In June 2009, Gen Stanley McChrystal took over as the overall commander of US and ISAF forces in Afghanistan. Shortly after he took command, he issued new ROEs aimed at helping US and ISAF forces win the hearts and minds of the locals. This was supposed to herald a new phase of Counterinsurgency in Afghanistan. Among the new restrictions, apparently designed primarily to address complaints from Afghan President Hamid Karzai, a man with little to no military experience prior to being protected by ODA 574 and installed as the new leader of a Pashtun resistance against the Taliban, were prohibitions on night raids and air support missions aimed at residential compounds.
The loss of the cover of darkness to go after Taliban, Haqqani, Al Qaeda, and other bad actors is bigger than has been talked about. That is a major tactical advantage gone. While there has been some evidence that the bad guys have night vision, it’s still not widely used, while our warfighters have had better and better night vision capabilities in recent years. The likelihood of getting in, getting the target, and getting out without anyone getting shot at night is a lot higher than trying to do it in broad daylight. The classic example is Mogadishu in 1993. A more recent example is my own platoon, callsign Lowlife, in Trek Nawa, just east of Marjah. We’d gone in during the middle of the night, but because the rules specifically stated that we were not allowed to enter a compound at night, we were out in the fields, hunkered down in the open when the shooting started at daylight. We had nowhere to move except by the two canals that were within crawling distance.
That fight ended up lasting 8 hours. Most of that time we were surrounded, and at times unable to even lift our heads out of the dirt far enough to shoot back, the volume of fire coming from the Taliban was high enough. So we called for air support. We had two JTACs in our platoon.
Over the next several hours, support mission after support mission was denied. Why? Because the target was a residential compound. We were taking accurate fire from that compound, we could even see the loopholes the enemy had knocked in the walls, and see the dust and smoke from their fire. But no, somebody back in the TOC wouldn’t clear the air support to drop because that was a residential compound, and some Afghan’s feelings might get hurt if we blew up his house. That wouldn’t be proper COIN, you know.
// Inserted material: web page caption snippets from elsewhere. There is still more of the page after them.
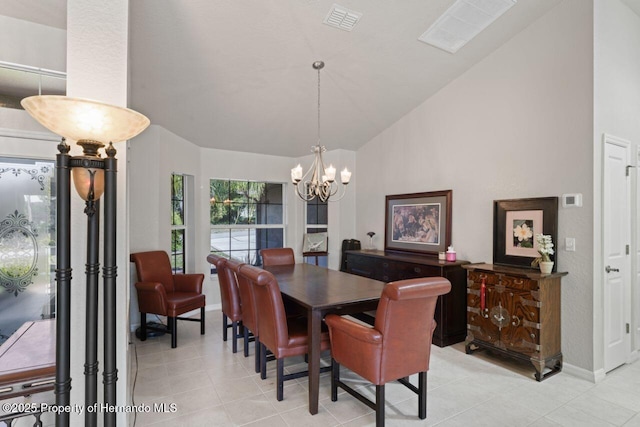 dining area featuring light tile patterned floors, a notable chandelier, and visible vents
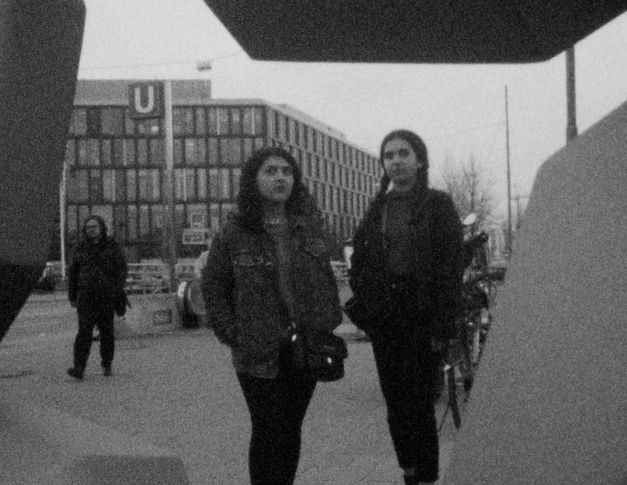 Filmstill aus „This Makes Me Want to Predict the Past“ von Cana Bilir-Meier. Zwei junge Frauen in einer Stadtlandschaft. Im Hintergrund ein modernes Gebäude. 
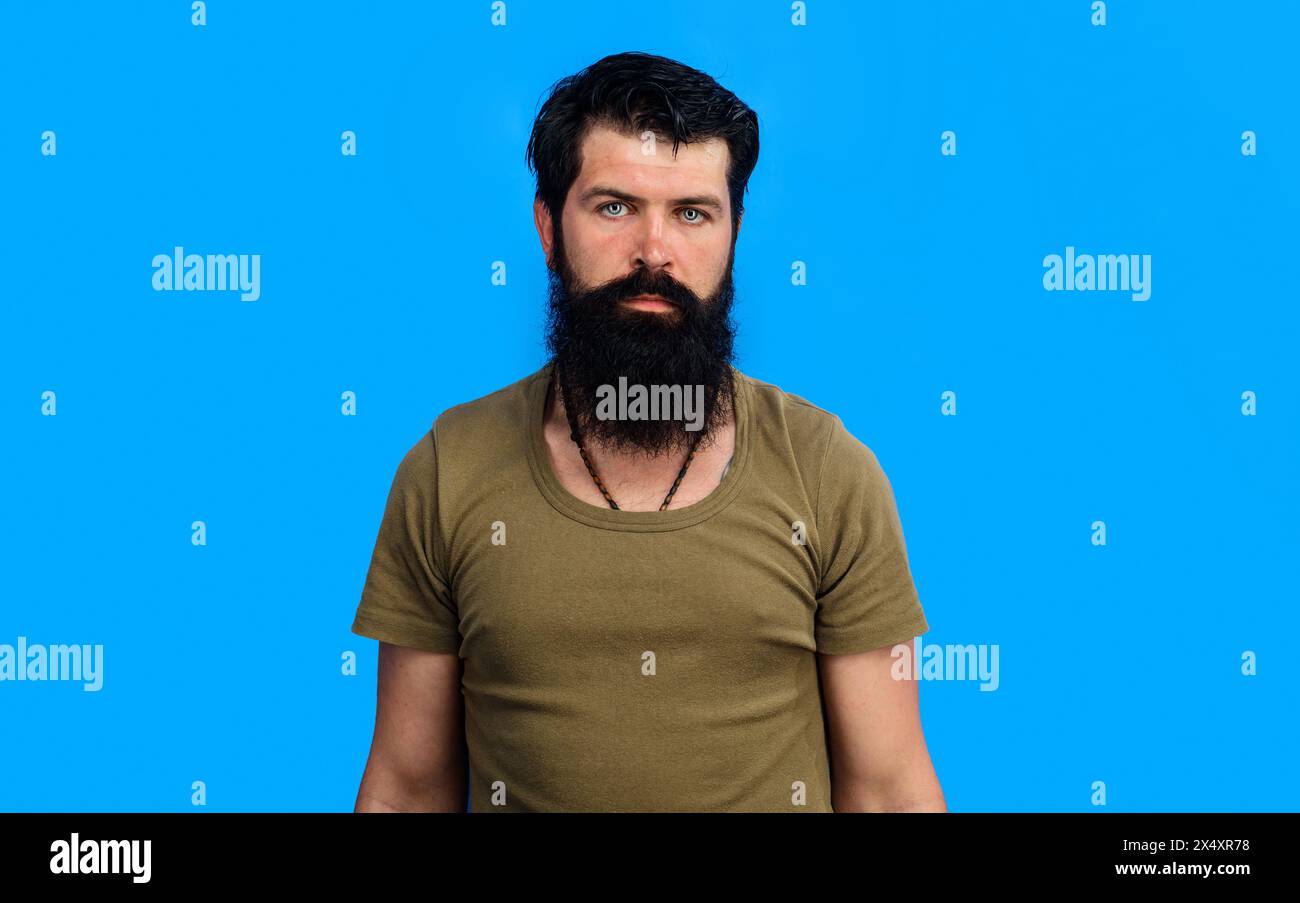 Uomo ritratto. Uomo barbuto serio in maglietta. Uomo bello e sicuro di sé con barba e baffi in abiti casual. Uomo barbuto brutale con stile Foto Stock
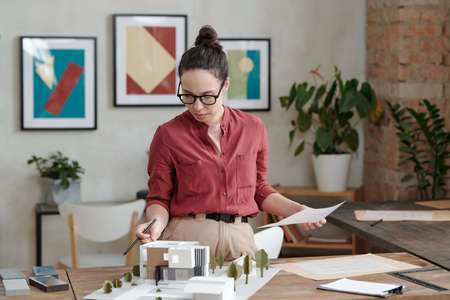 Young elegant female architect with paper and pen standing by table with model of new house and yard...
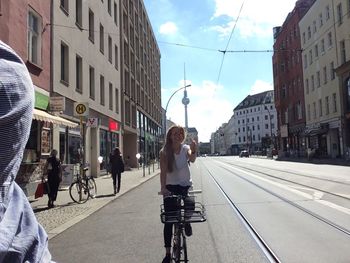 Rear view of woman walking on city street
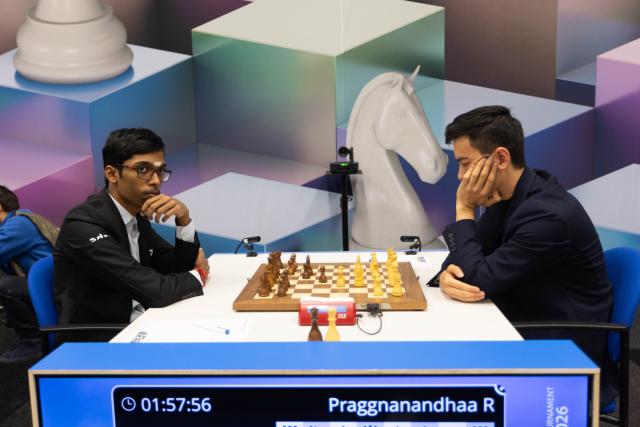 (260119) -- WIJK AAN ZEE, Jan. 19, 2026 (Xinhua) -- Praggnanandhaa Rameshbabu (L) of India competes against Nodirbek Abdusattorov of Uzbekistan during the second round of Tata Steel Chess Tournament 2026 in Wijk aan Zee, the Netherlands, on Jan. 18, 2026. (Photo by Sylvia Lederer/Xinhua)
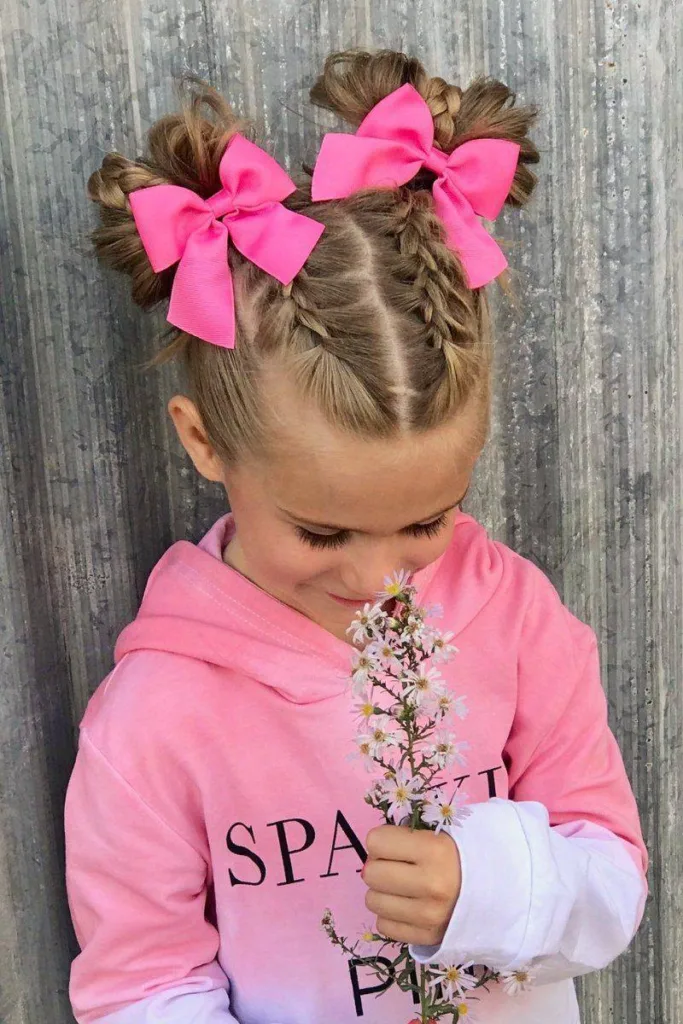 dutch braids into messy space buns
While we didn’t lose anyone in that particular fight, it hasn’t always been the case. In September of 2009, in Ganjgal, Kunar Province, Marine 1st Lt. Michael Johnson, Gunnery Sergeant Aaron Kenefick, Gunnery Sergeant Edwin Johnson, and HM3 James Layton were cut off and killed in action when the TOC wouldn’t clear fires into the village, despite the fact they were taking heavy contact from that very village.
In 2010, the ROEs got even worse. Snipers were not allowed to engage unless they were taking accurate fire themselves. The “Escalation of Force” procedures went so far as requiring soldiers and Marines to point their weapon, instruct the armed Afghan to put his weapon on the ground, shine their weapon light in his face, then use a visible laser red dot on his chest, then fire a warning shot, and only then could they shoot center mass. If the other guy is armed and intends you harm, that’s plenty of time for him to shoot you. The ROEs had been that at any hostile act or discernible hostile intent, you could shoot. Now, in order to preserve Afghan feelings, you had to give them a good crack at you first before you were allowed to defend yourself.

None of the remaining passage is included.